The variable content of SO3, the alkali CaO, and pozzolanic content (SiO2 +Al2O3+ Fe2O3), are found in both the ash samples and OPC raw material. The strength build up in all the samples is related to the setting reactions of lime (CaO) with the pozzolanic constituents to produce calcium silicate hydrate (CSH) and calcium aluminate hydrate (CAH). High pH solution is highly reactive with amorphous Al-Si rich phases at normal room temperature. Sulfate minerals as ettringite are expected to form because of the availability content of SO3. The CaO content plays an important role in the alkali–pozzolanic reaction.
The reaction products leave the kiln as a clinker. The clinker leaves the kiln here to be cooled, mixed with gypsum, and then ground into a fine powder (cement). The setting of cement involves a number of stages at different rates. It is generally known that a complex series of reactions do take place as the cement reacts with water. Setting of C2S involves slow hydration reactions and the formation of Portlandite Ca (OH2) and calcium silicate hydrate.
Portlandite Ca (OH)2 plays an important role in the setting reaction. Portlandite reacts with silicates and aluminum rich phases to form insoluble compounds which contribute to the strength formation (pozzolanic reactions). Excess portlandite reacts with atmospheric CO2 to precipitate calcium carbonate that helps in strengthening the product after aging.
The combusted bituminous rocks in central Jordan have indicated the presence of two groups of minerals; high temperature which is equivalent to clinker cement (Khoury, 1993) and low temperature that is similar to the hydrated cement products (Khoury and Nasser, 1982). The low temperature mineral group has a similar composition to the hydrated cement products and has been precipitated from high alkaline circulating water (pH > 12.5). This naturally occurring alkaline water is analogous to the cement percolating water (Khoury, 1993).
Figure 4 and Table 5 show that the tuff has an adverse effect on strength. This is possibly, because the Tuff is poured rock and the powder has high surface area. The Tuff powder absorbs extra water, in turn affecting the water/cement ratio for reaction. This could be related to the kind of crystal of tuff that shows no reaction with OPC. Figure 4 and Table 5, also, show that the slag has an adverse effect on strength. The slag production is out of control. The slag contains strange materials and impurities. The properties of slag vary from sample to sample. The slag durability may be low due to the rust.
The effect of curing time can be seen Figure 5 and Table 5. Curing period of 28 days and more has influenced the compressive strength results. High compressive strength values obtained for intact samples indicate no disintegration features under fully saturated conditions. All hydrated samples have shown a similar behavior to the hydrated OPC products but with lower compressive strength.
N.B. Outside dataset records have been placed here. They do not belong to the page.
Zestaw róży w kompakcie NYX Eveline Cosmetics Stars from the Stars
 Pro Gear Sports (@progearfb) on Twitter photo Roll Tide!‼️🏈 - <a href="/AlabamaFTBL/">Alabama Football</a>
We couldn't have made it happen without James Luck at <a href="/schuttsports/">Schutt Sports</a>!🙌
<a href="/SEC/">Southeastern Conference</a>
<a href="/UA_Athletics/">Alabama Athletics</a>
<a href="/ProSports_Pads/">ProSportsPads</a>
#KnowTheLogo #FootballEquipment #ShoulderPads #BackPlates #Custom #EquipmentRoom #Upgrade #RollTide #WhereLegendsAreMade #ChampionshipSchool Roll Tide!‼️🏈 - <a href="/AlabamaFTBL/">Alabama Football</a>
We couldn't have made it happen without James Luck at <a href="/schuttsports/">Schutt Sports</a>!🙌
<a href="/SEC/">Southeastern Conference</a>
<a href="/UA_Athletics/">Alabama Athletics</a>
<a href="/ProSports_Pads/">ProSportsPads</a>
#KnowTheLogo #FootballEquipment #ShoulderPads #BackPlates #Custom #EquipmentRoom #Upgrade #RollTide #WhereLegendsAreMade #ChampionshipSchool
Table 5 summaries the results of this research and illustrates that an addition of 20 and 10% Tripoli and ash, respectively, lead to an improvement of the strength with respect to native sample by 19 and 22%. It is also, apparent that any increases in the additive content more than the fixation point will cause a reduction in the compressive strength. The obtained results suggest that the presence of Tuff and slag additives have determined effect on the compressive strength, which can be explained as a result of the mode and original of crystal (that is, phanertic, aphanertic and glassy). The crystalline plays a significant role in determining the success of the substitutes. Curing period of 28 days and more has a good influence on the compressive strength results.


The authors have not declared any conflict of interests.